(Items from a dataset)
============

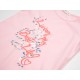 Футболка дитяча Breeze BEST LIFE (14236-116G-pink)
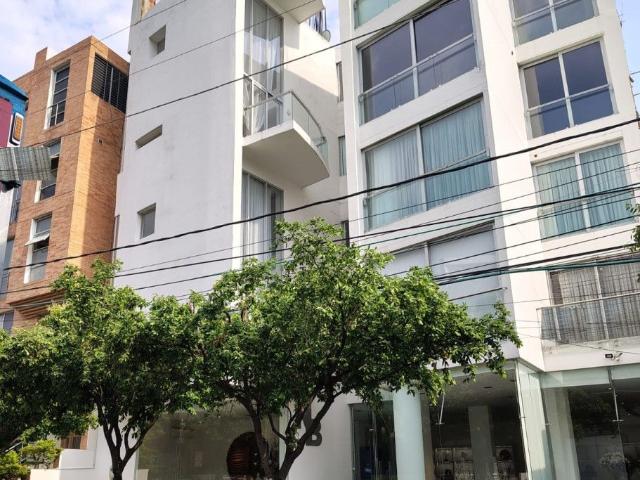 Apartamento en arriendo, Caobos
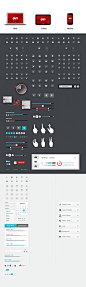 Verizon Wireless on the Behance Network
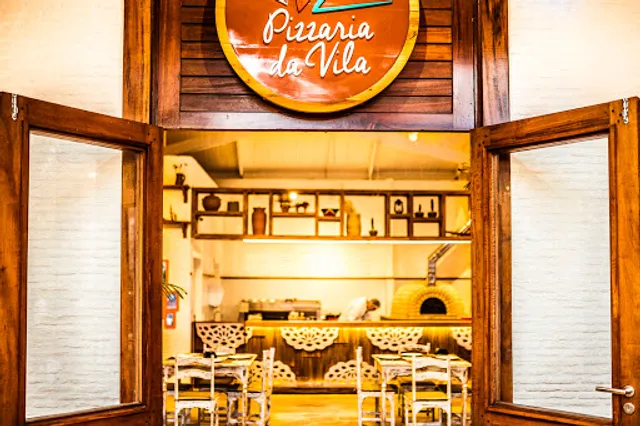 Pizzaria da Vila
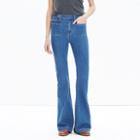 Madewell Madewell X Daryl K&reg; Fontaine Flare Jeans
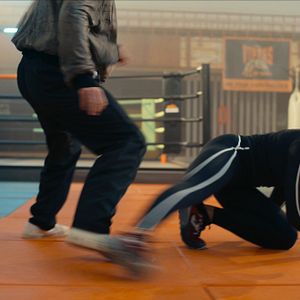 Bilder Marie Mouroum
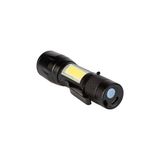 2 Adet Noas YL05 2031 Polis LED 3W El Feneri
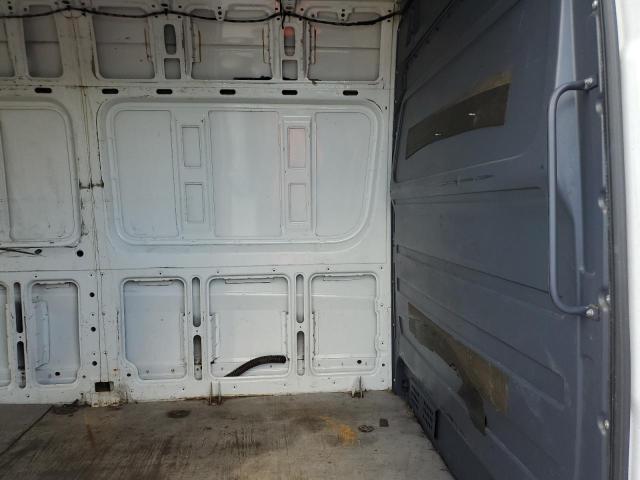 Photo 11 from auction – 2009 DODGE SPRINTER 2 with VIN WD0PE845795355548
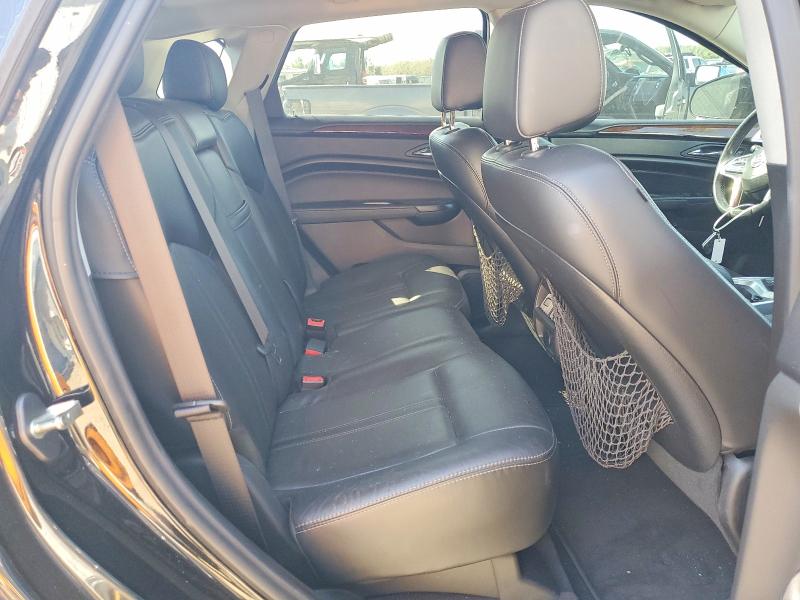 Продаж на аукціоні авто 2016 Cadillac Srx, vin: 3GYFNBE32GS551912, номер лоту: 69218466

============

YOUR ASSIGNMENT:
Reproduce the data in full. Do not carry over any picture.

RESULT OF THE TASK:
 Футболка дитяча Breeze BEST LIFE (14236-116G-pink)
 Apartamento en arriendo, Caobos
 Verizon Wireless on the Behance Network
 Pizzaria da Vila
 Madewell Madewell X Daryl K&reg; Fontaine Flare Jeans
 Bilder Marie Mouroum
 2 Adet Noas YL05 2031 Polis LED 3W El Feneri
 Photo 11 from auction – 2009 DODGE SPRINTER 2 with VIN WD0PE845795355548
 Продаж на аукціоні авто 2016 Cadillac Srx, vin: 3GYFNBE32GS551912, номер лоту: 69218466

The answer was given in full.